::: The records :::
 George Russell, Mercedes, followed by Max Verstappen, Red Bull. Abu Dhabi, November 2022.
:::
::: The records :::
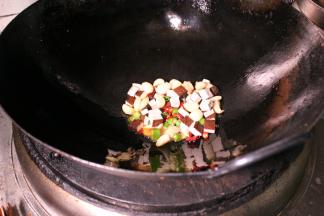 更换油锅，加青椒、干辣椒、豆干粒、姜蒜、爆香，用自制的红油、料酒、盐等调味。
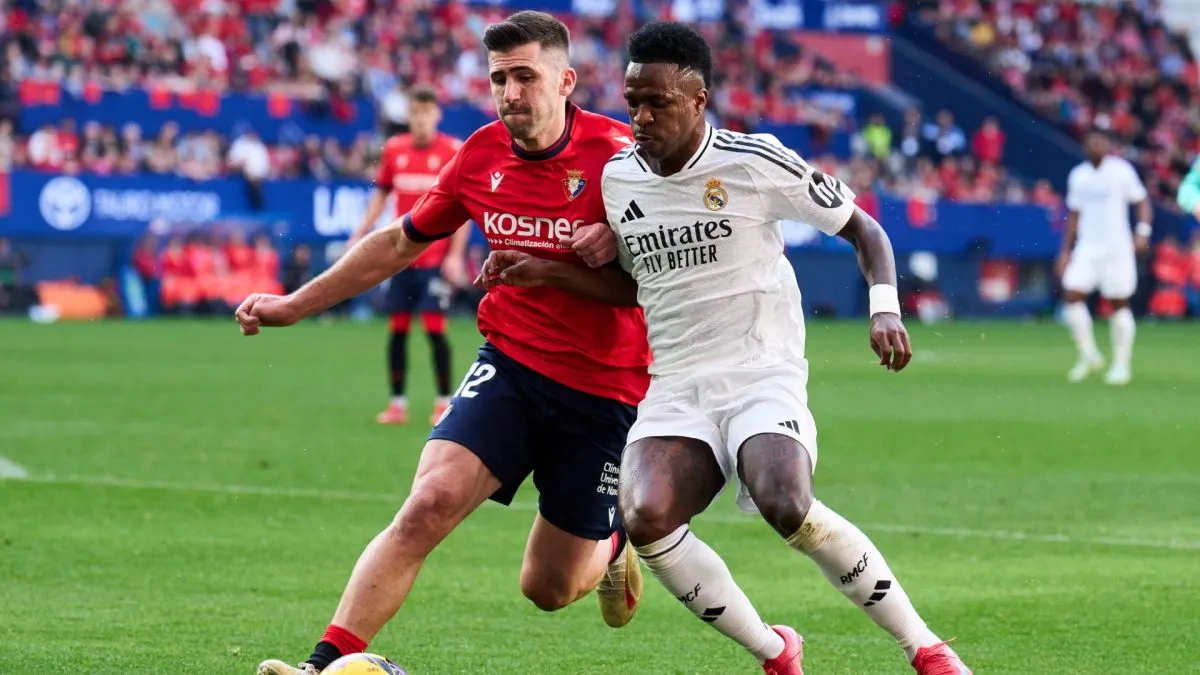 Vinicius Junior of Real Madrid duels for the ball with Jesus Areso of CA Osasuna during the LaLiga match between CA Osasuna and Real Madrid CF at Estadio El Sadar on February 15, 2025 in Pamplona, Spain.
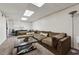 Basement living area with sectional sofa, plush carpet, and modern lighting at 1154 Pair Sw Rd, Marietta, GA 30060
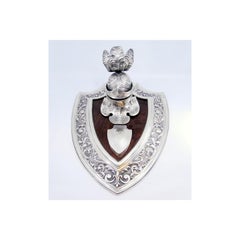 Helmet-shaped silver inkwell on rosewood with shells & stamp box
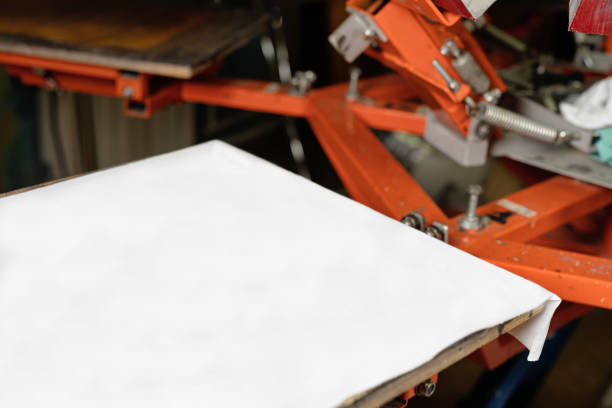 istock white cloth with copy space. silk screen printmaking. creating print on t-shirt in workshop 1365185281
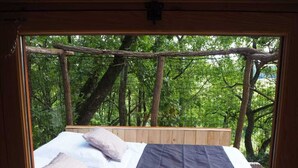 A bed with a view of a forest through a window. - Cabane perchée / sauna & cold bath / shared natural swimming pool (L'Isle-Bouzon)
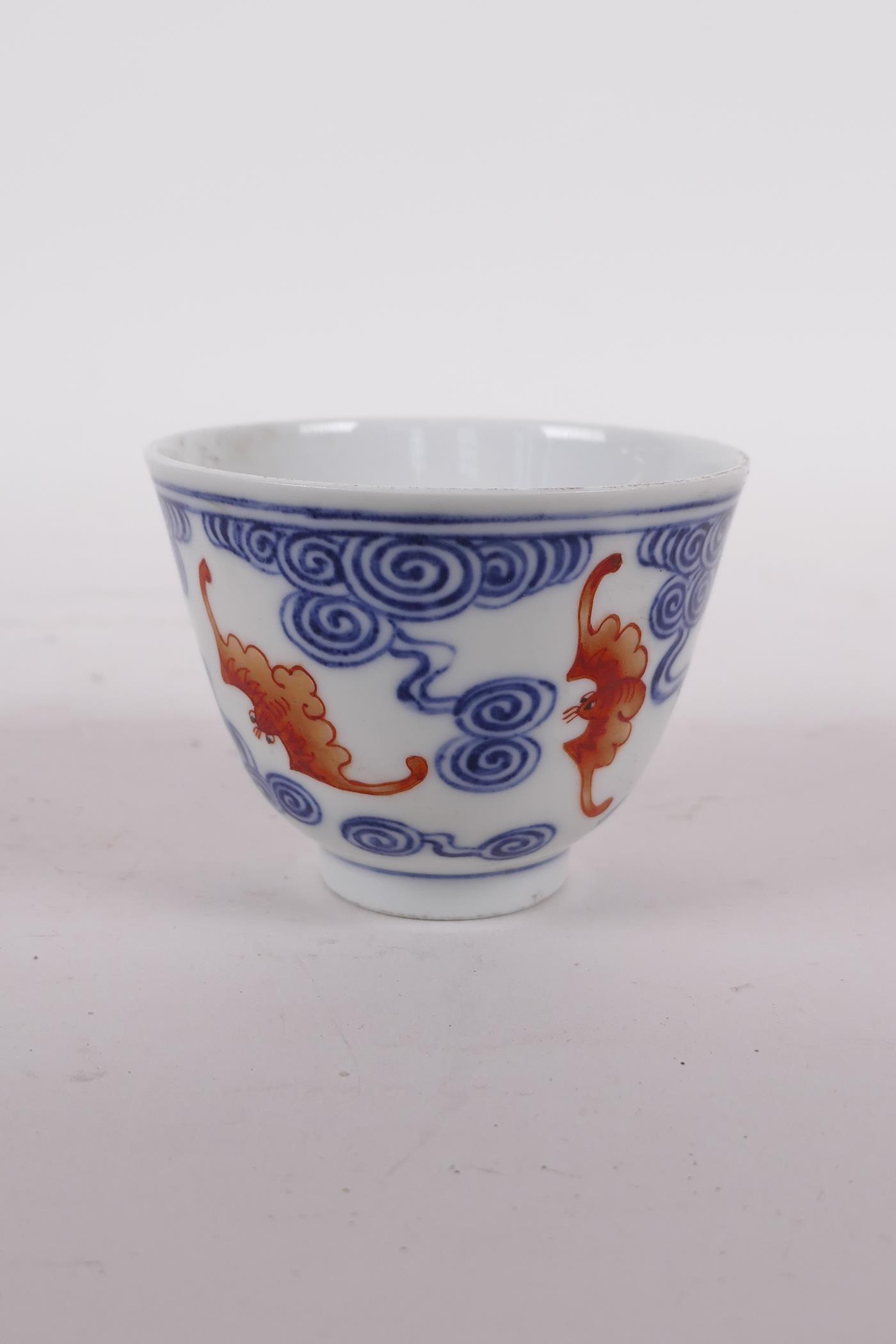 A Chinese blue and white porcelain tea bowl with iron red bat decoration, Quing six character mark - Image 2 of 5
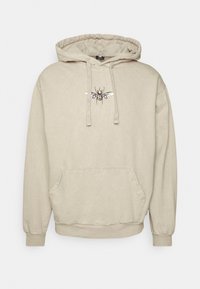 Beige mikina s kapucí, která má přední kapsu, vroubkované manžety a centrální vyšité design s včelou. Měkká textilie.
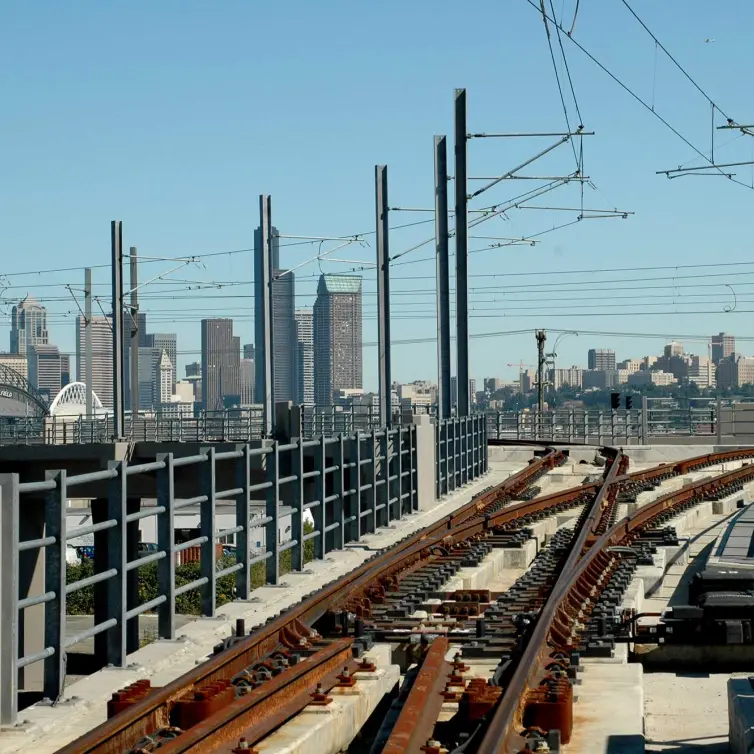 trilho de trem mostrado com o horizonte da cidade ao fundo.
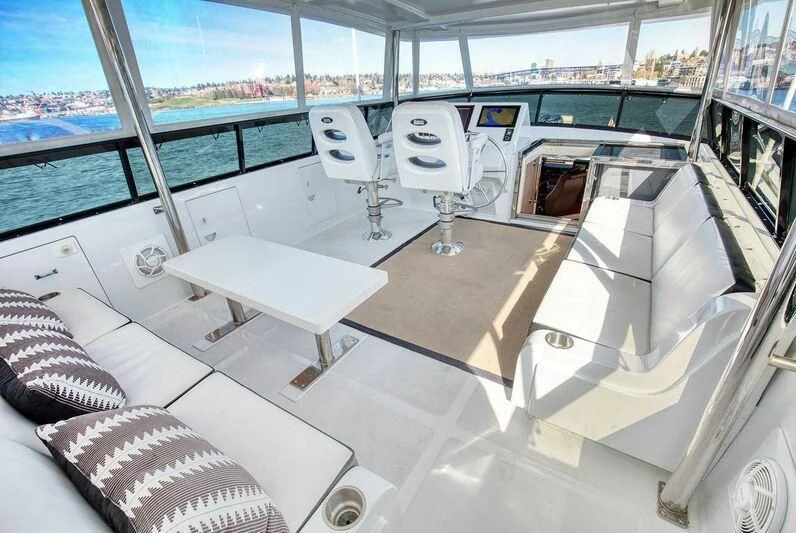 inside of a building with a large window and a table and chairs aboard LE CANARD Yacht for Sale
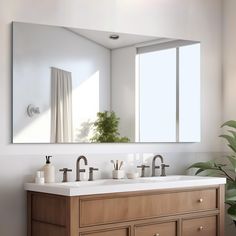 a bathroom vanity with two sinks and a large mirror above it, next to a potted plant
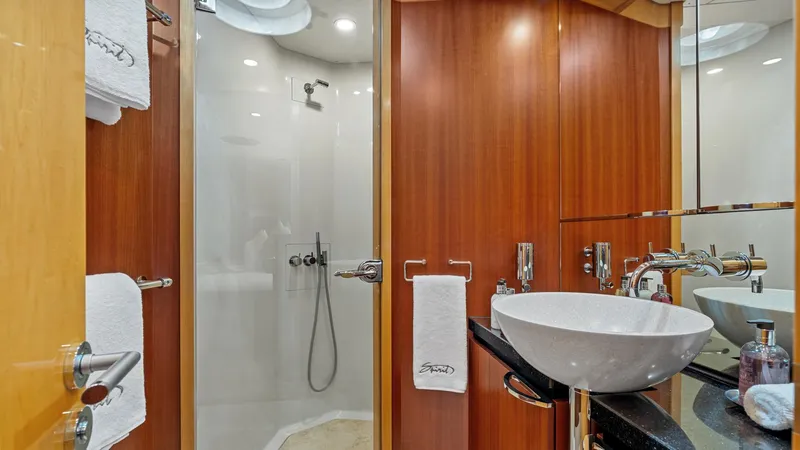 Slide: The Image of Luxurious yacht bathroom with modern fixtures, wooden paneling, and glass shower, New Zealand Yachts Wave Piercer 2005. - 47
:::
::: The records :::
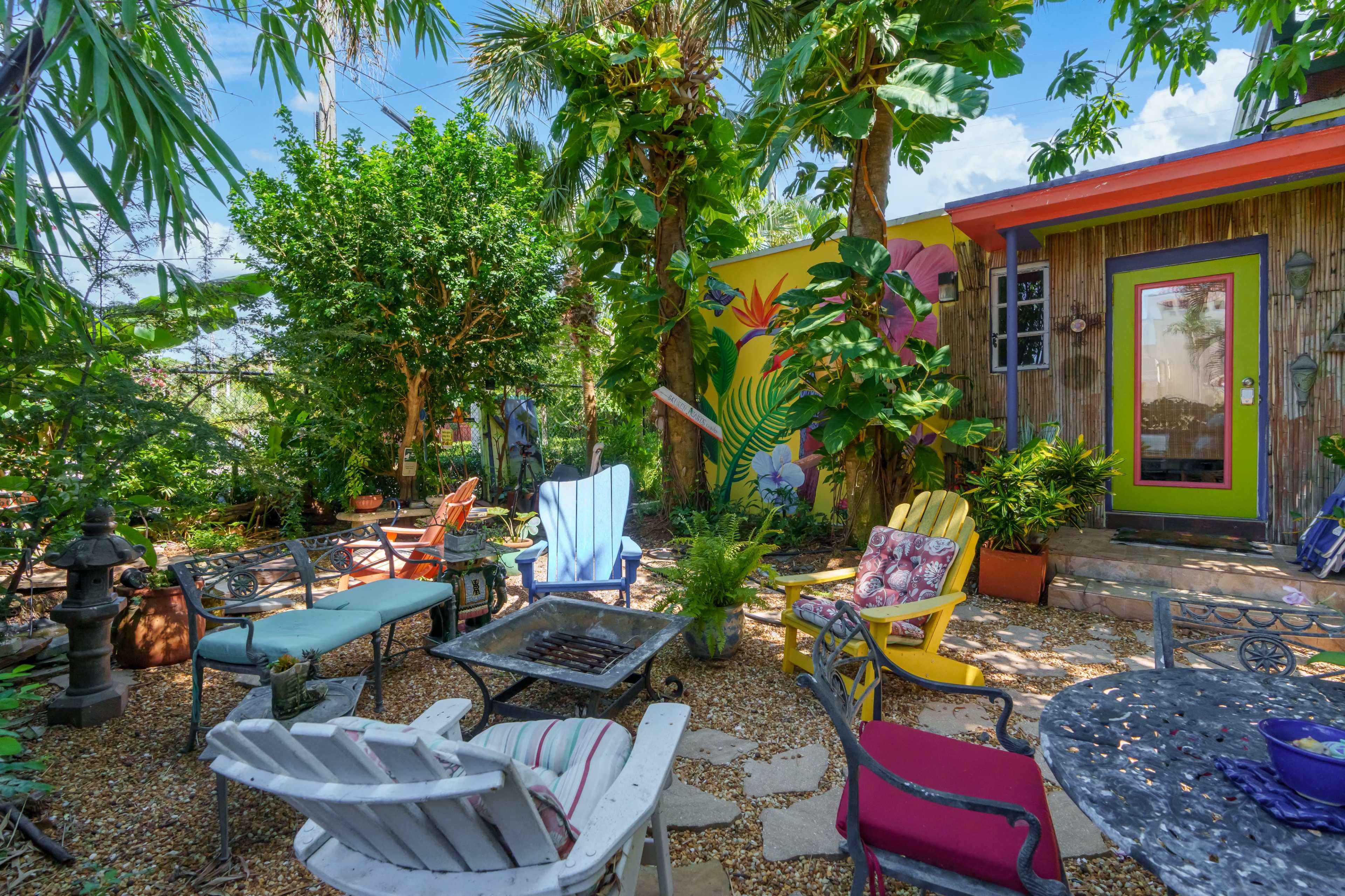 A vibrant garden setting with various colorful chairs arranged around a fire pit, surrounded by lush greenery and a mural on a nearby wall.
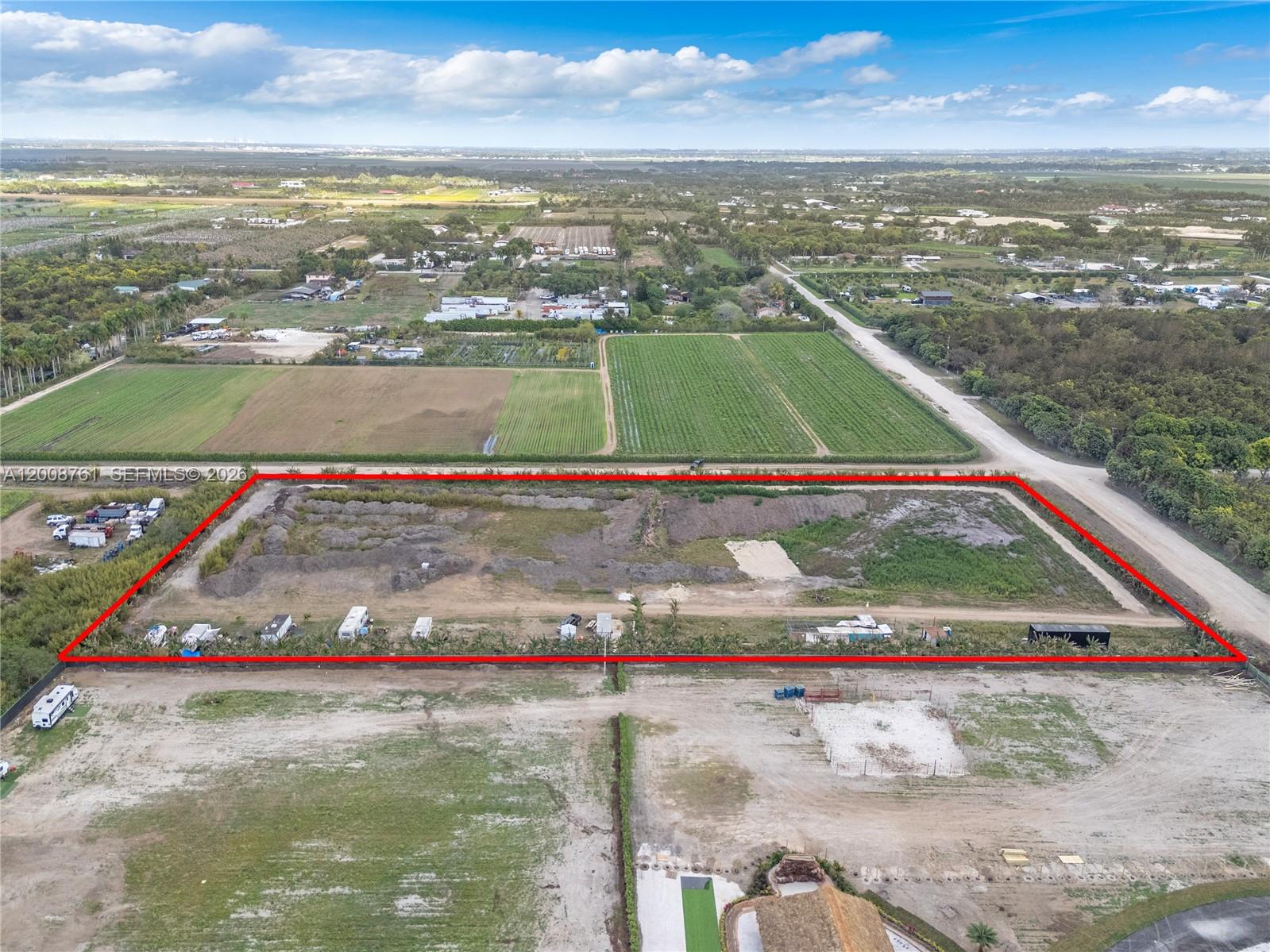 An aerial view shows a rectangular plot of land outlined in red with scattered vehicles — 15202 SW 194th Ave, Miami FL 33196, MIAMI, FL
:::
### What to work on
What's needed is an exact copy of the lines above from the one with "A vibrant garden" through the one with "An aerial view", both included; the pictures stay out.

### Written reply
 A vibrant garden setting with various colorful chairs arranged around a fire pit, surrounded by lush greenery and a mural on a nearby wall.
 An aerial view shows a rectangular plot of land outlined in red with scattered vehicles — 15202 SW 194th Ave, Miami FL 33196, MIAMI, FL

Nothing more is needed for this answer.